The German giant Rheinmetall will take the lion's share of the SAFE funding allocated to Romania, according to the official list of the 15 endowment programs sent by the Ministry of National Defense to the defense committees of Parliament, a document that shows unequivocally how billions of euros are concentrated around the company in question, while public discourse continues to talk about "diversification", "strategic autonomy" and "development of the national industry". In practice, the list sent by the MApN to Parliament confirms what the BURSA newspaper has presented to you recently: the Romanian state borrows, through SAFE, for the acquisition of armaments, and the main beneficiary of this loan is the German giant Rheinmetall.
From analyzing the respective document, we note that it is not just a technical list of military acquisitions, but an exact radiograph of how economic power is distributed behind the accelerated rearmament of our country.
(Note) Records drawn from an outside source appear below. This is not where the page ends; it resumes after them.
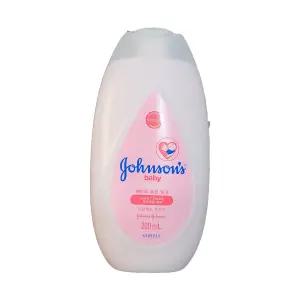 존슨즈베이비 핑크 로션200ml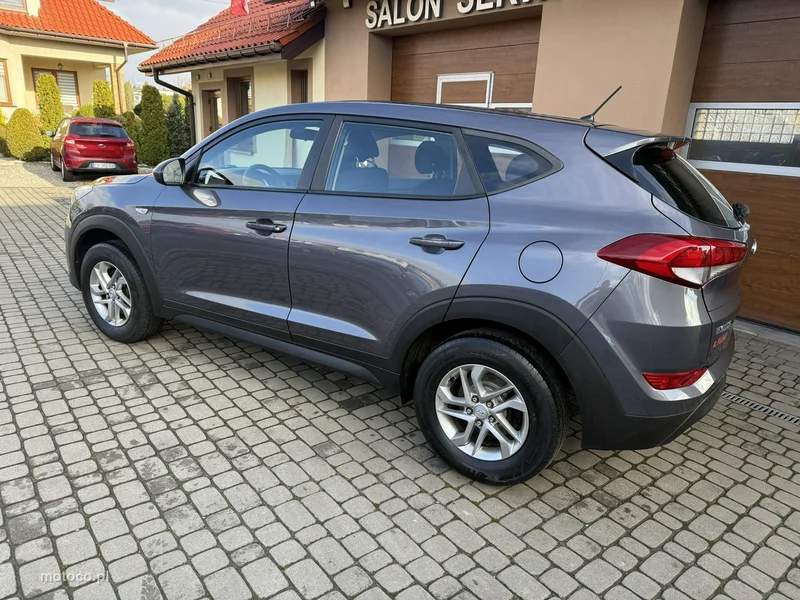Hyundai TUCSON 9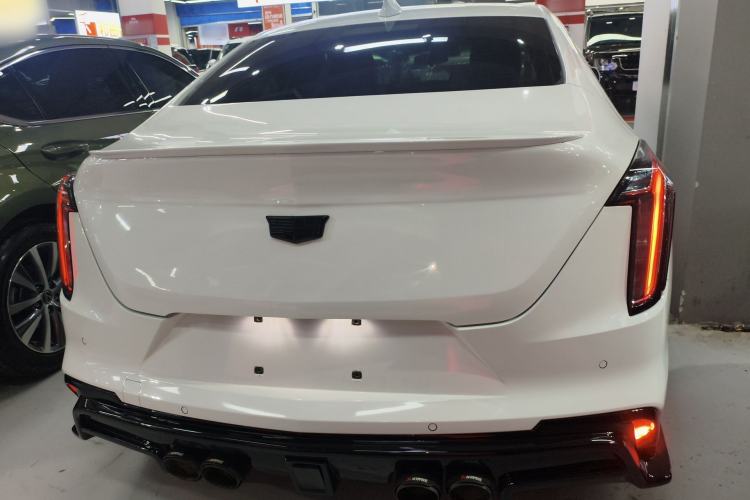 Used Cadillac CT4 2020 28T Fashion Edition
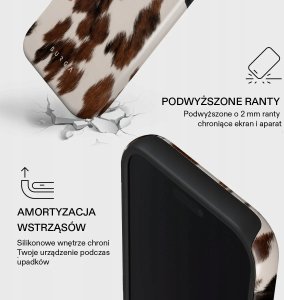 UAB Hautica Burga Tough Magsafe etui ochronne do iPhone 17 Pro Max kompatybilne z MagSafe (celestial) 3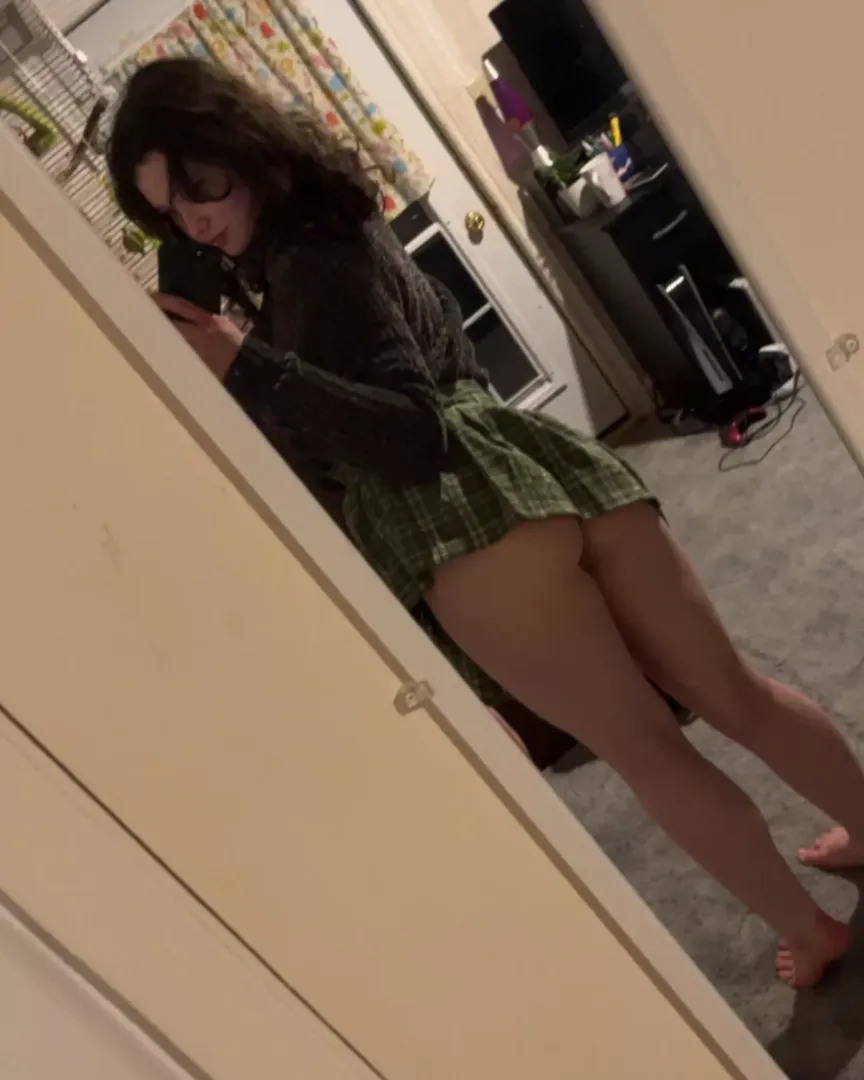 I like this skirt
The list includes 15 acquisition programs that must be contracted by May 31 and includes, among others, the 8x8 Piranha 5 armored personnel carriers from General Dynamics Romania (359 units, of which 139 financed through SAFE with 831.2 million euros), the IVECO multifunctional vehicle platforms (1,115 units, 344.4 million euros), two tactical operations centers for air and missile defense (160 million euros), two diver intervention stars (84 million euros) and two OPV maritime patrol vessels (836 million euros), both naval contracts to be signed with Rheinmetall Naval Systems. The list continues with 12 H225M multi-mission helicopters produced by Airbus (852 million euros), Naval Strike Missile launch systems (207 million euros), the Lynx infantry fighting vehicle program (3.337 billion euros), Skynex (476 million euros) and Skyranger (470 million euros) anti-aircraft systems, Gap Filler radars from the French company Thales (258 million euros), IRIS-T surface-to-air missile systems (547.83 million euros), loitering munitions (147 million euros), Millennium CIWS systems (36 million euros) and 35 mm ammunition (450 million euros), most of which were awarded through direct negotiation.
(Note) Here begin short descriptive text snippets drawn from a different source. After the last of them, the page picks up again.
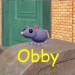 Obby but You're a Rat icon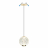 Подвесной светильник Odeon Light CRYSTAL 5008/5LA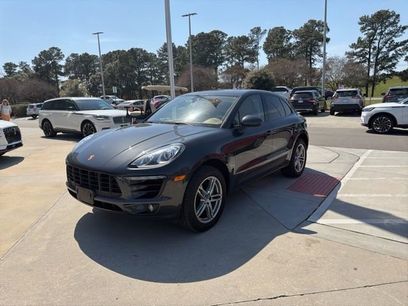 Used 2017 Porsche Macan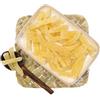 In-Fusione Zenzero Disidratato Bastoncini (Senza Zucchero In Superficie) 500 g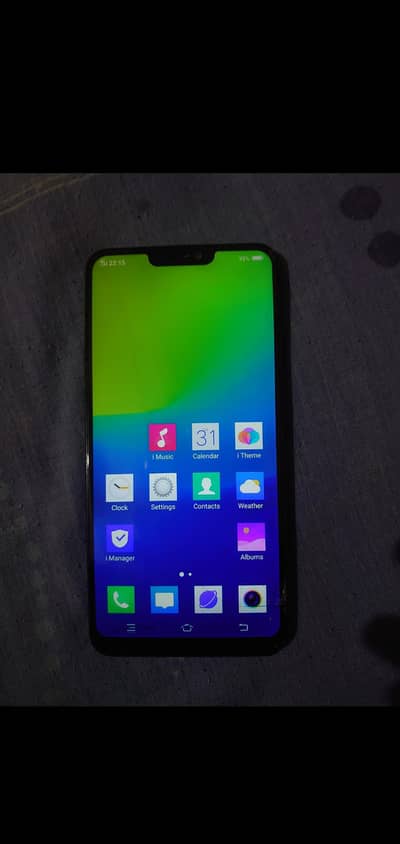 vivo y85a 4ram 64gb room pta approved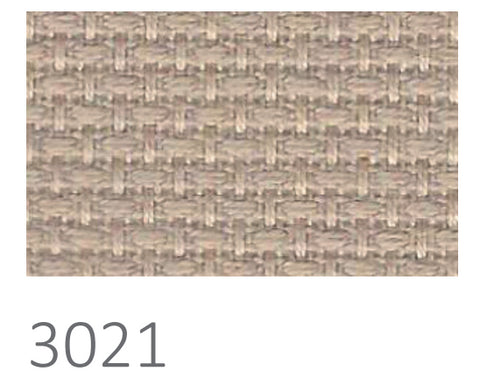 Zweigart Stern Aida drobė 48×53 cm – iškirpta siuvinėjimui kryželiu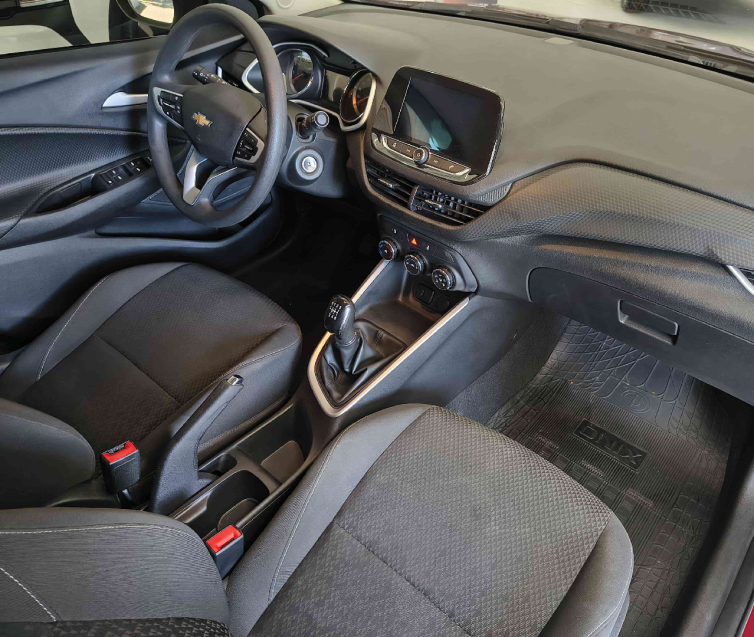 chevrolet onix 1.0 flex lt manual 4p 20208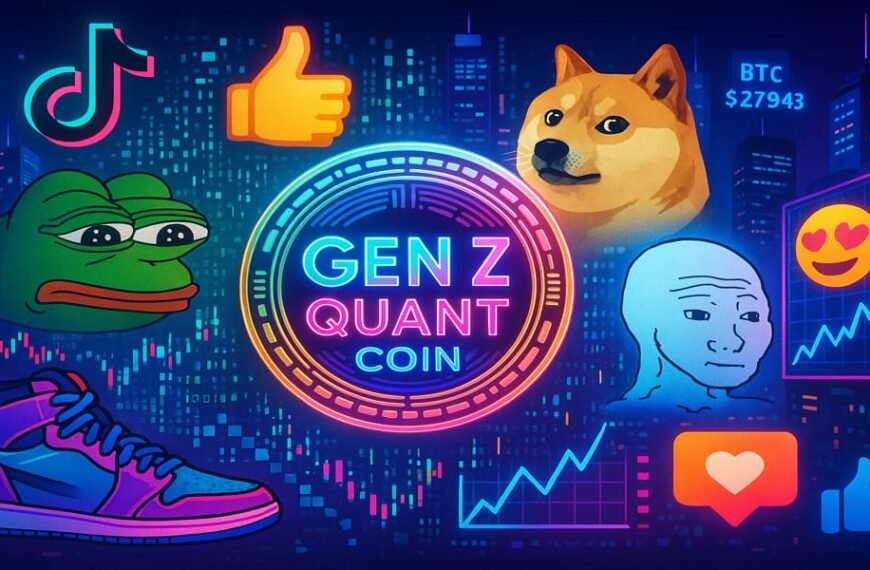 Gen Z Quant Coin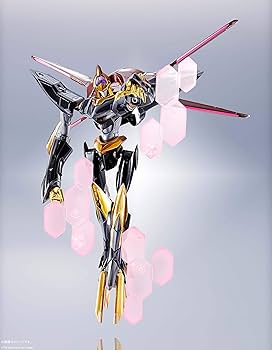 Amazon.co.jp: TAMASHII NATIONS METAL ROBOT魂 コードギアス [SIDE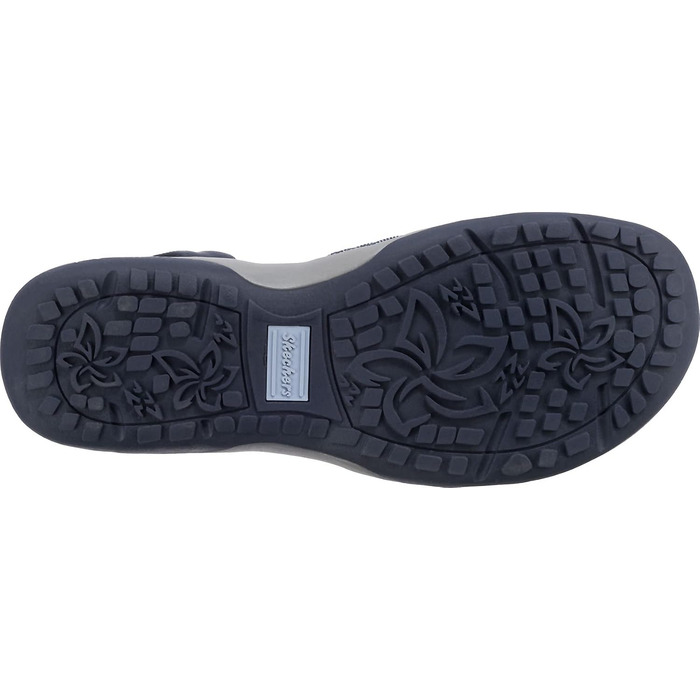Сандалі жіночі Skechers (42 EU, темно-сині) - оригінальні та зручні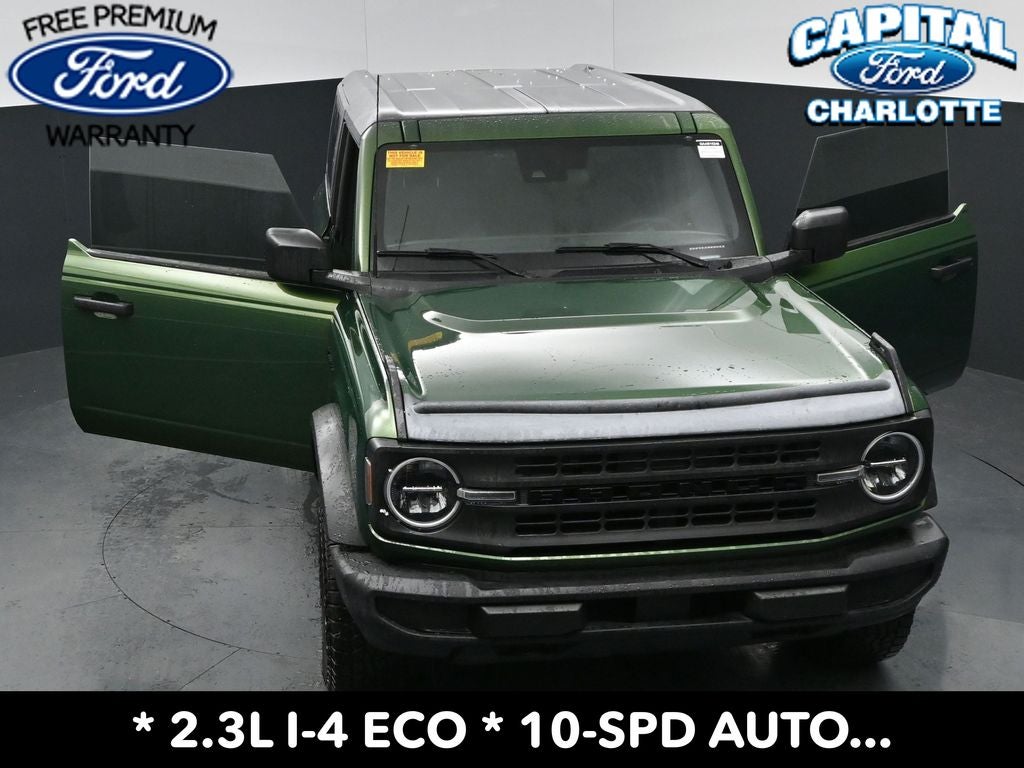 2022 Ford Bronco Base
Of these 15 programs, an overwhelming proportion, both in value and strategic importance, revolve directly or indirectly around Rheinmetall, confirming the thesis supported by the BURSA newspaper: SAFE is not just a security mechanism, but an instrument for massive redistribution of resources to major European players, especially to the German defense industry. The most eloquent example is the Lynx infantry fighting vehicle program, which will be carried out through Rheinmetall Automecanica, valued at over 3.3 billion euros, of which a substantial part is financed through SAFE. Even in its adjusted form, with 232 units financed through this mechanism, the program remains one of the central pillars of the Romanian Army's endowment and one of the main channels through which SAFE funds reach directly into the Rheinmetall ecosystem. The remaining units, which will be purchased later from the national budget, only expand the financial and operational dependence already created. However, according to data published by the BURSA newspaper, the industrial platform for Lynx vehicles exists only in Budapest, and one has not yet been built in our country.
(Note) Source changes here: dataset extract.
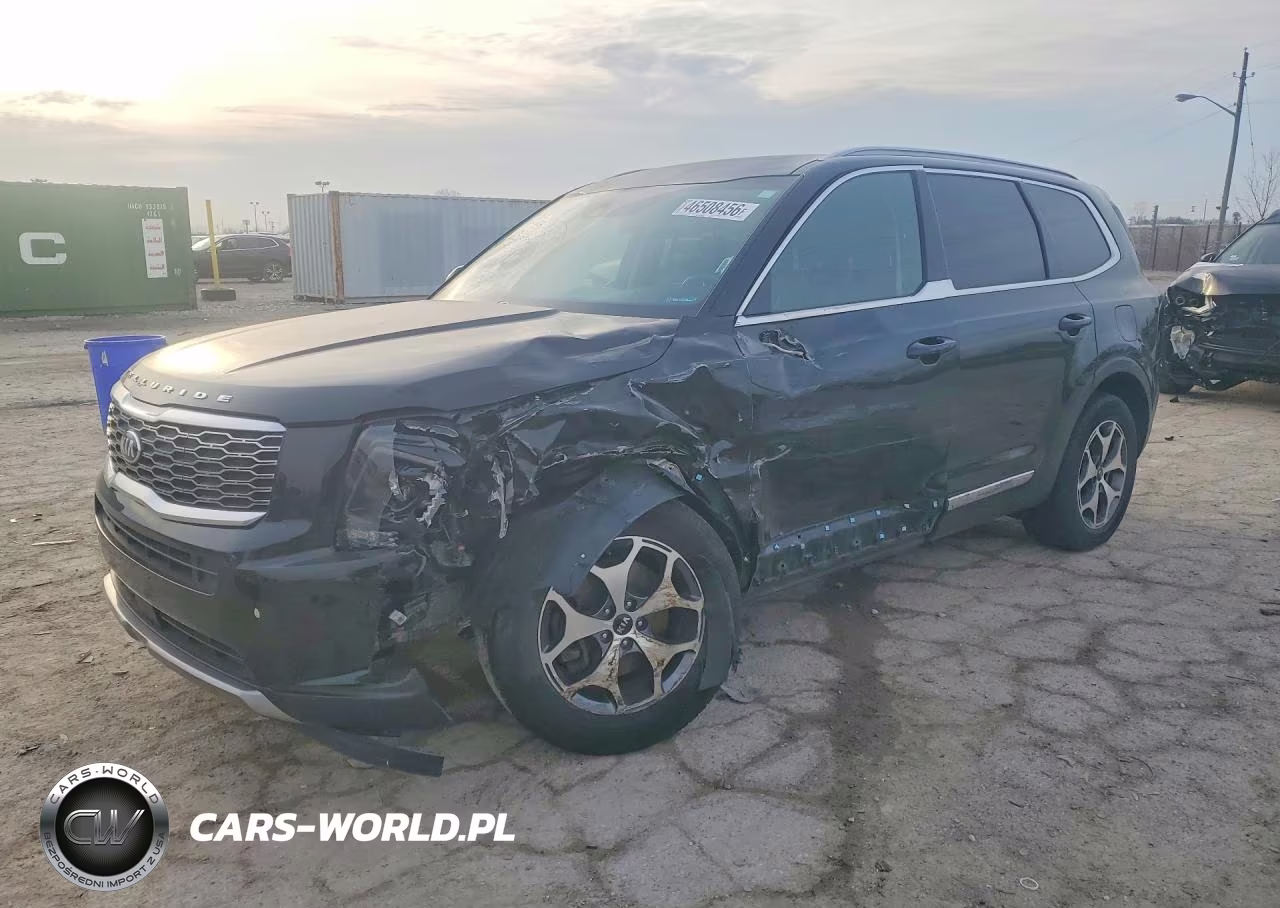 2020 Kia Telluride Ex
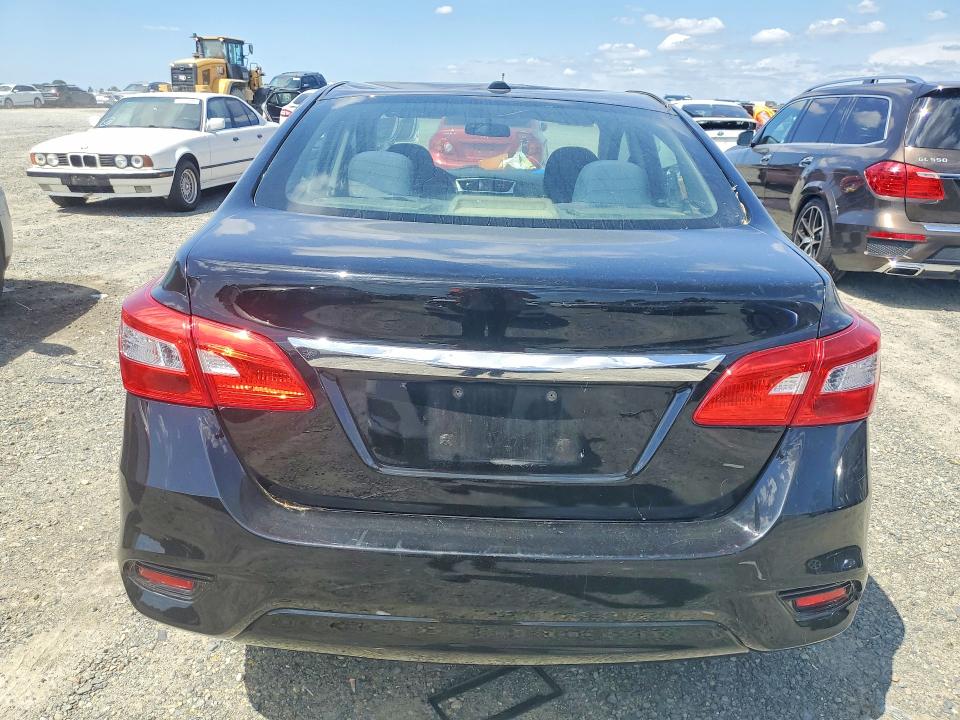 Aukcja sprzedaży 2019 Nissan Sentra, vin: 3N1AB7APXKY284154, numer aukcji: 51341116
The same logic is also found in the area of air defense, where the Skynex and Skyranger systems, supplied by Rheinmetall Italia, total almost a billion euros, and the Millennium CIWS systems and related ammunition, supplied by Rheinmetall Waffe Munition, add another hundreds of millions. Practically, from combat platforms to air defense systems and ammunition, Rheinmetall is not only present, but omnipresent, covering the entire operational chain of equipment.
In the naval area, the situation becomes even clearer: the contracts for OPV maritime patrol vessels and for diver intervention stars are awarded to Rheinmetall Naval Systems in association with NVL, thus strengthening the position of the German group, including in the field of military shipbuilding. These programs are not just simple acquisitions, but open the door for Rheinmetall's involvement in the restructuring and eventual takeover of Mangalia's capacities, exactly the scenario I have described in recent months: saving a shipyard without an economic model by injecting military orders financed from SAFE.
What becomes evident, analyzing the list as a whole, is that Romania is not just buying equipment, but is positioning itself in an industrial system in which technological and financial control is concentrated abroad. SAFE, presented as a historic opportunity, works in practice as an accelerator of this dependence, with tight deadlines, direct negotiations and an administrative pressure that drastically reduces the space for real competition or for the development of national alternatives.
The fact that most contracts are awarded through direct negotiation is not a procedural detail, but an alarm signal: the mechanism that should ensure transparency and balance becomes one that concentrates the decision and directs financial flows to the same actors. In this context, the statement that Rheinmetall takes the lion's share of SAFE funding is no longer a journalistic metaphor, but a conclusion supported by figures, contracts and industrial structure.
Behind these billions of euros, a profound paradigm shift is in fact taking shape: Romania is not only rearming itself, but is also outsourcing a significant part of its industrial and strategic decision-making capacity. And if this direction continues, SAFE will not go down in history as the program that consolidated Europe's strategic autonomy, but as the moment when part of this autonomy was discreetly transferred to a few industrial giants, with Rheinmetall in the foreground.